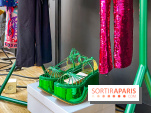 Le Salon du Vintage 2023 à Paris - Carreau du Temple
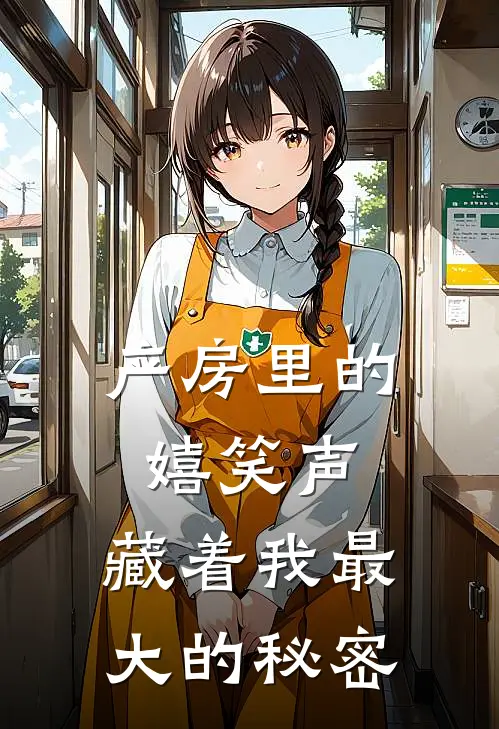 产房里的嬉笑声，藏着我最大的秘密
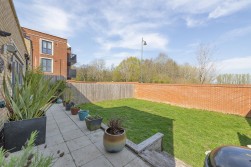 Ruton Square, Kings Hill, ME19 4SH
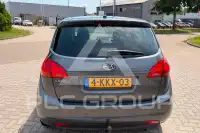 2010 KIA Venga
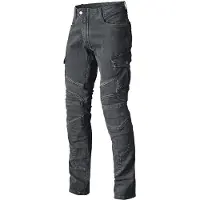 Held Dawson 62106 Motorcykel- Tekstilbukser Sort W30/L32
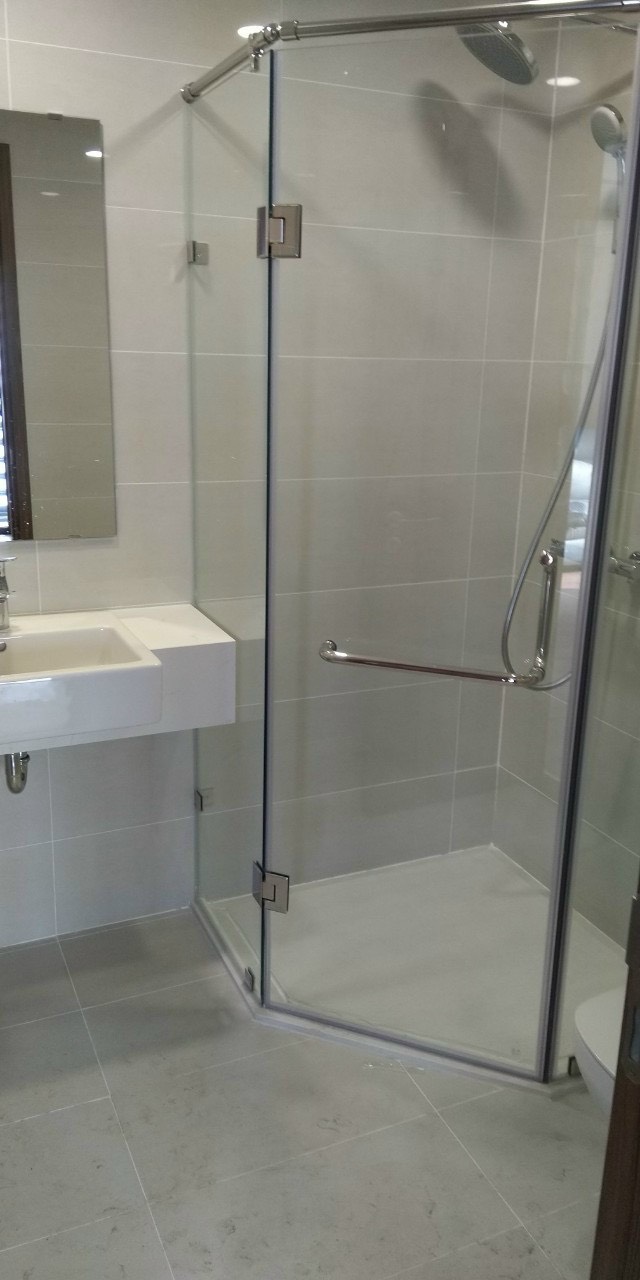 Eco Green Saigon (39B đường Nguyễn Văn Linh, P Tân Thuận Tây, Quận 7)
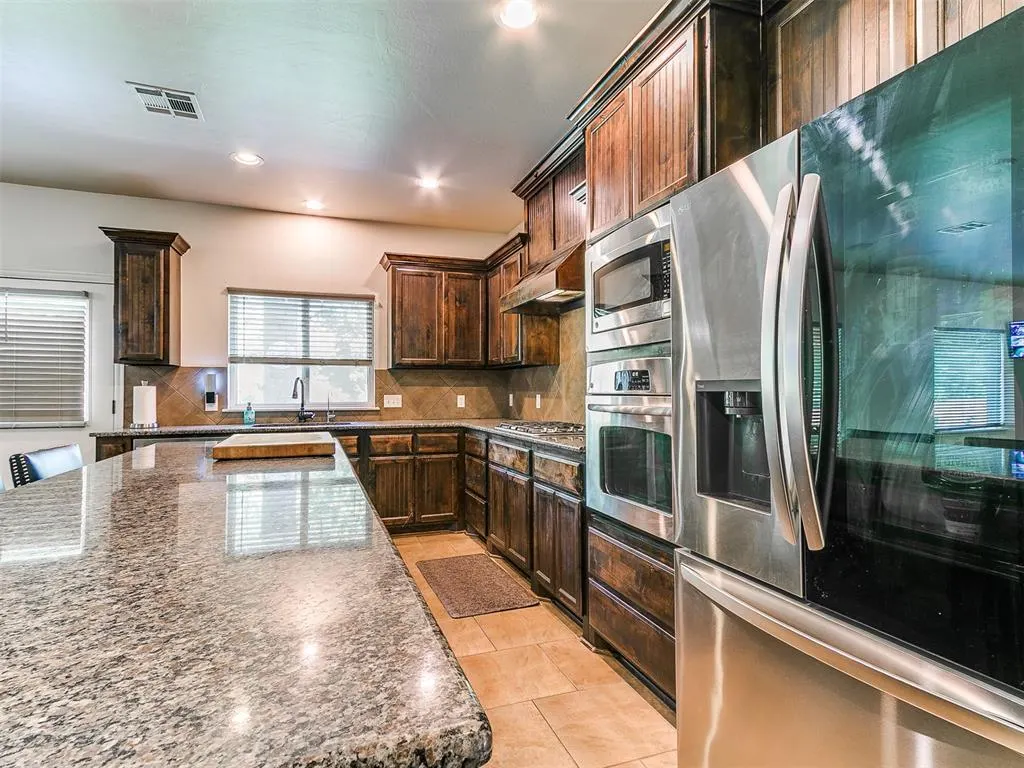 Photo 35 — 10649 Green Meadows Drive, Edmond, OK 73025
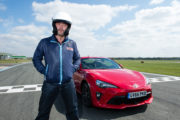 Top Gear: Series 24: Ep 007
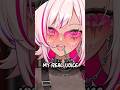 FeFe S REAL Voice Shorts Vtuber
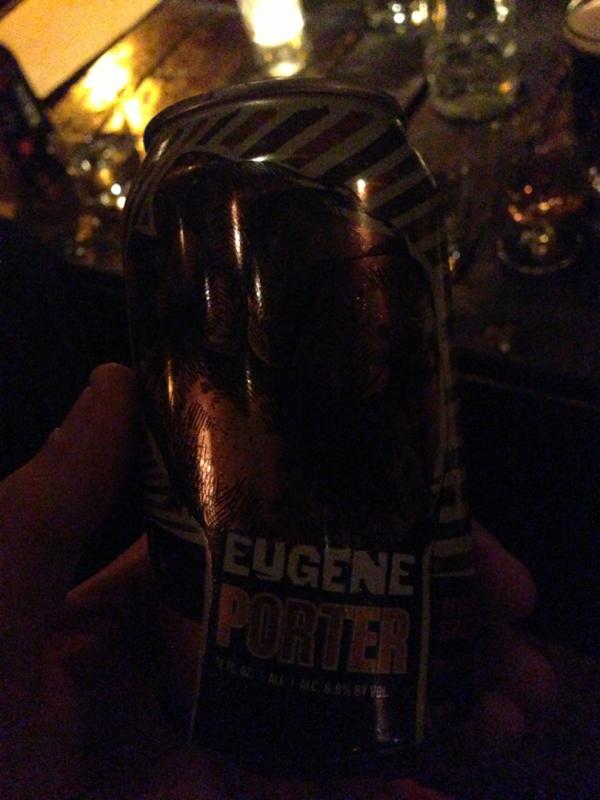 Imperial Porter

━━━━━━━━

[Problem] Copy nothing outside the span: please output the lines from the one with "FeFe S REAL Voice Shorts Vtuber" through the end of the entries above, and skip the pictures.

[Expected answer]
 FeFe S REAL Voice Shorts Vtuber
 Imperial Porter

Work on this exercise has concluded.